A notable shift in food consumption patterns among urban elite households has emerged, with nearly half of their monthly food budget allocated to packaged food, dining out, and food delivery services in Fiscal Year 2023 (FY23). This marks a significant increase from 10 years ago, when such spending accounted for 41.2 per cent, according to data sourced from the Ministry of Statistics and Programme Implementation (MOSPI) and ICICI Securities.

The data reveals a distinct decline in home cooking practices among Indians over the past decade, with a corresponding rise in expenditure on dining out and purchasing processed foods. Experts anticipate this trend to further escalate, fueled by the proliferation of rapid commerce and food delivery applications, rising incomes, and evolving culinary preferences, as reported by the Economic Times (ET).

Paras Jasrai, a senior analyst at India Ratings and Research, noted that the surge in processed food consumption aligns with the increasing popularity of food delivery and quick commerce apps, coupled with upward income mobility among households.

Analysis of the data indicates a substantial increase in spending on processed food by both urban elite and middle-income consumers. Notably, middle-income households witnessed a surge in spending on processed food and beverages, accounting for nearly 25 per cent of their food budget, compared to 16 per cent a decade ago.

Madan Sabnavis, chief economist at Bank of Baroda, highlighted that the growing spending power of the middle class, alongside the rise in dual-income households, is driving demand for processed food. He also underscored the potential growth opportunities in innovative food products like low-sugar and organic options.
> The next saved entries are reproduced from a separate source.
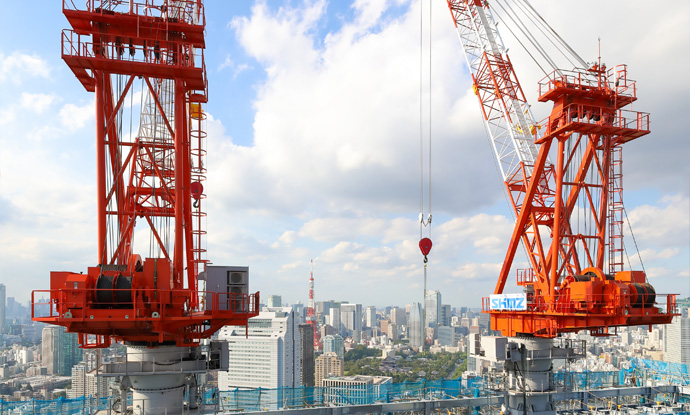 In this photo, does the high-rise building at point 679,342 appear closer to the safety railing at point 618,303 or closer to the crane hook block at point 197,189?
the safety railing at point 618,303

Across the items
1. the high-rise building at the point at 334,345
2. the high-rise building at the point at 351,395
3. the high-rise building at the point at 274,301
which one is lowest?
the high-rise building at the point at 334,345

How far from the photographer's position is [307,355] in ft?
359

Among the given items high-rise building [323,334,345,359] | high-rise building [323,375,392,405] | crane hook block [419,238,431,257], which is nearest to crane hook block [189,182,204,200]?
high-rise building [323,375,392,405]

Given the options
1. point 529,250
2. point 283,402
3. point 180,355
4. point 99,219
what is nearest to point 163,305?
point 180,355

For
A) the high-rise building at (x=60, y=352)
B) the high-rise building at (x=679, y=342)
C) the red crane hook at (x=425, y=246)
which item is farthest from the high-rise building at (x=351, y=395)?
the high-rise building at (x=60, y=352)

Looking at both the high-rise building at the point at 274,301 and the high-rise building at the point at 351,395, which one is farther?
the high-rise building at the point at 274,301

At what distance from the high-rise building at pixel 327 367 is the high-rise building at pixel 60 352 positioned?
58564 mm

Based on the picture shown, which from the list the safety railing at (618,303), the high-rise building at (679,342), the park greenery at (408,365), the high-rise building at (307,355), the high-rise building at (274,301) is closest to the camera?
the safety railing at (618,303)

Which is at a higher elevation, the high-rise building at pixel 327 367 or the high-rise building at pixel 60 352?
the high-rise building at pixel 60 352

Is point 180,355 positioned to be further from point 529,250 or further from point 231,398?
point 529,250

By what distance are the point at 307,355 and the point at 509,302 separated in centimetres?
9076

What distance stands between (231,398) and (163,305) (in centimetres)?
942

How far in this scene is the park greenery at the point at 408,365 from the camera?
128775 mm

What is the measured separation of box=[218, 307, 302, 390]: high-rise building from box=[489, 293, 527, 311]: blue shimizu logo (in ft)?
193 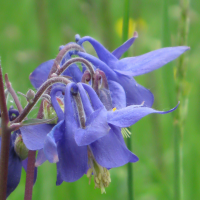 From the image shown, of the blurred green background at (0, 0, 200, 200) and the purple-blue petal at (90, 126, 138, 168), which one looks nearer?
the purple-blue petal at (90, 126, 138, 168)

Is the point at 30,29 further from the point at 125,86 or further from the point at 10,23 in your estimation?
the point at 125,86


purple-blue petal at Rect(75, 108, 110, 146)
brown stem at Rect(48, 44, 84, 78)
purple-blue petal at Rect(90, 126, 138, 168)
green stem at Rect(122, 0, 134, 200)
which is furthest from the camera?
green stem at Rect(122, 0, 134, 200)

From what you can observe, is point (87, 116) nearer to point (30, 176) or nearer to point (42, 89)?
point (42, 89)

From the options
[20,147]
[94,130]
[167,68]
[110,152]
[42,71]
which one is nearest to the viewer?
[94,130]

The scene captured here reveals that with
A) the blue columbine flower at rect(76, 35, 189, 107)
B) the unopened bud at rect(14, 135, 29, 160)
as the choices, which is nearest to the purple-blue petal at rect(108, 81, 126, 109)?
the blue columbine flower at rect(76, 35, 189, 107)

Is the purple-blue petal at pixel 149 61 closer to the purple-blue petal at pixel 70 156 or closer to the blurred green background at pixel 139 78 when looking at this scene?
the purple-blue petal at pixel 70 156

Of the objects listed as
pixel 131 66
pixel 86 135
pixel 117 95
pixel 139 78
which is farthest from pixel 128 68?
pixel 139 78

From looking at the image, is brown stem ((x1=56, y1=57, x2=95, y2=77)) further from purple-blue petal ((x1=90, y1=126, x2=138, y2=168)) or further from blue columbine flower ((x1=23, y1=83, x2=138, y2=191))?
purple-blue petal ((x1=90, y1=126, x2=138, y2=168))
The ICICI Securities report further revealed a reduction in staple food spending among the top 5 per cent of urban households, indicating a shift away from traditional kitchen practices. Urban elite households are now allocating a significant portion of their food budget towards food delivery services, with per capita spending reaching Rs 971 per month in FY23.

B Krishna Rao, senior category head at Parle Products, attributed the surge in processed food demand to urban households' preference for branded packaged ingredients over plain staples. He noted that even emerging trends like millet-based food fall within the category of processed food.

Additionally, Mospi's data highlighted a rise in spending on dry fruits among urban and rural households, signalling increasing incomes and aspirational consumption patterns among Indian consumers.